The most general function we have for this is findMap which has a fairly simple signature:

findMap :: Monoid m => Topic -> (a -> m) -> SubTree a -> m

I’m going to omit all the code here since it’s about 8 lines long because of all the weird expansion rules, but the signature tells us really everything we need to know. It looks a lot like foldMap. Given a topic and a function that converts whatever a is found for that topic to a monoidal value, you get a monoidal value.

e.g., if the a is already a monoid, you get this function:

find :: Monoid a => Topic -> SubTree a -> a
find top = findMap top id

So when I store my subscriptions as a list, find "some/topic" st gives me a list of all the things subscribed as some/topic or +/topic or topic/+ or topic/# or #.

In Practice

In my original implementation of my mqtt broker, I implemented subscriptions as a dumb list. It seemed like it was going to be a hard problem, so I punted until I could do something better. Every message that was published had to look at every subscription for every client and see which ones matched before redistributing stuff. For my little server at home, I have around 250 subsriptions at any point in time and get about one message per second on average. That’s on the verge of gross.

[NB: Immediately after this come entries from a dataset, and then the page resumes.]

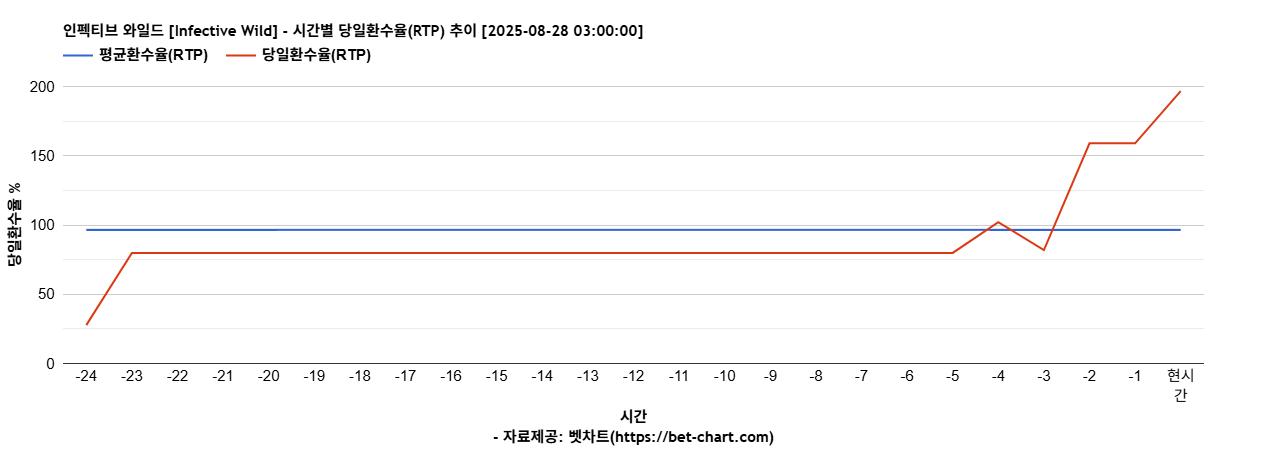 인펙티브 와일드 [Infective Wild] 차트 추천 차트이미지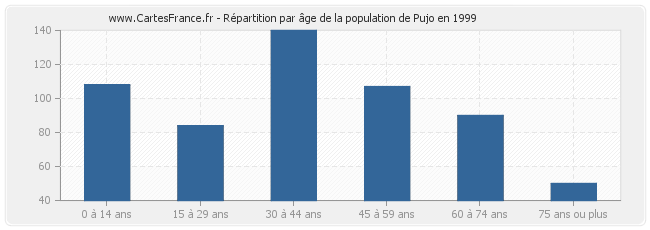 Répartition par âge de la population de Pujo en 1999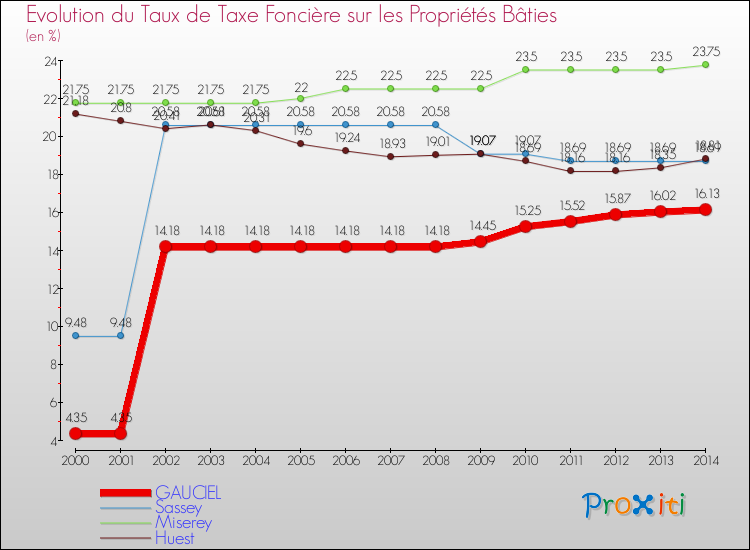 Evolution du taux de la taxe foncière sur le bati pour GAUCIEL et les communes proches de 2000 à 2014 Comparaison des taux de taxe foncière sur le bati pour GAUCIEL et les communes voisines de 2000 à 2014
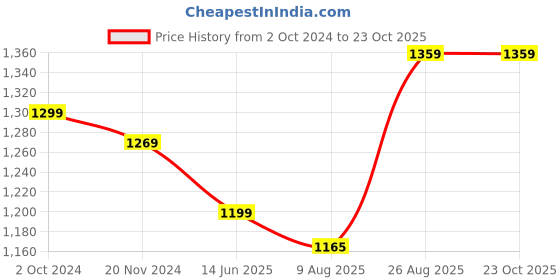 tatacliq.com Silk Land Navy & Pink Woven Saree With Unstitched Blouse silk land Price History Graph from 2 Oct 2024 to 22 Oct 2025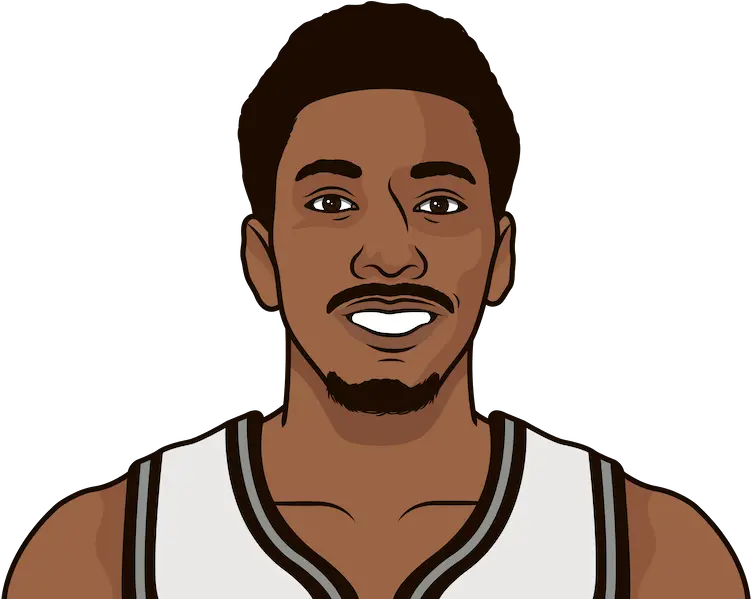 Who Had The Highest Ppg In 1979 80 Statmuse Zion Williamson Statmuse Png Spurs Icon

But it turned out to be very easy to implement something efficient that worked quite well. I just have a TVar that holds a SubTree (Map SessionID SubOptions) and just use stm to do the reads and writes. The semantics are still quite complicated as there are private and shared subscriptions and there’s the session vs. client separation and being able to have concurrent deliveries of messages sent by one client to any relevant subscribers while new clients are concurrently modifying the subscription SubTree.

Being able to express data structures like this and test them thoroughly against well-established laws makes me avoid having to think of large swaths of bugs I’d write in most other languages.

I replaced mosquitto with my own mqttd project a year or so ago due to a couple strange bugs I’d encounter occasionally and some missing features of MQTT v5 I wanted to use. I’m around 1,400 lines in with a solid broker I’m relying on.

But SubTree.hs is one of my favorite pieces of code.